It also said that Sariya Hassoun, the son of Mufti Ahmad Hassaoun, who is officially considered the highest religious authority in Syria, was assassinated in Idlib.
Idlib, together with the central region around the town of Rastan on the Orontes River, 110 miles north of Damascus, have seen some of the biggest protests against Assad, followed by a fierce crackdown and fighting between loyalist forces and defectors and other insurgents.
The two regions are a main reservoir of Sunni recruits to the military, which is led by mostly Alawite officers.
Local activists said troops backed by tanks raided villages and towns looking for army defectors around Rastan Sunday, with tens of villagers arrested in the Houla and Talbiseh region, and the villages of al-Zafaran and Deir al-Foul.
One activist said security forces killed three civilians on Sunday in the town of Khan Sheikhoun north of Rastan. He said that among them was activist Mohammad Tellawi, 35, whose brother Mukhles was also killed three months ago.

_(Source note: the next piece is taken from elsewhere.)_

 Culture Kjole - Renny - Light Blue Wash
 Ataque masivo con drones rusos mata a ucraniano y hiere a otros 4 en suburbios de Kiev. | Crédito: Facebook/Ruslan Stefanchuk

ISLAMISTS, SECULARISTS, CHRISTIANS AND KURDS
The Istanbul declaration was read out by Bourhan Ghalioun, a secular professor of politics living in France. He was flanked by Islamists, including Muslim Brotherhood leader Mohammad Riad al-Shaqfa, Christian and Kurdish politicians and Samir Nashar, a member of the Damascus Declaration.
Among those represented in the Damascus Declaration are former parliamentarian Riad Seif, seen as possibly playing a leadership role if Assad were to fall, and Riad al-Turk, Syria's top dissident.
Turk, 81, but still operating underground, has moral authority over the diverse opposition, having spent 25 years in jail as a political prisoner, including almost 18 in solitary confinement.
France has already publicly supported the National Council, but it has not yet won endorsement from the United States or Syria's powerful neighbor Turkey, which has been enraged by what it describes as brutal killings south of its border.
Assad has relied on Russia and China, which have major oil concessions in Syria and do not want to see Western influence in the Middle East spread, to block western proposals for United Nations Security Council sanctions on Damascus.
The European members of the Security Council have been working in recent days to persuade Russia to accept a watered-down resolution on Syria that would threaten "targeted measures" against Damascus if it fails to end its crackdown on pro-democracy demonstrators without explicitly threatening U.N. sanctions, Council diplomats said.
European envoys say that they hope the Council will vote on the Syria resolution Tuesday.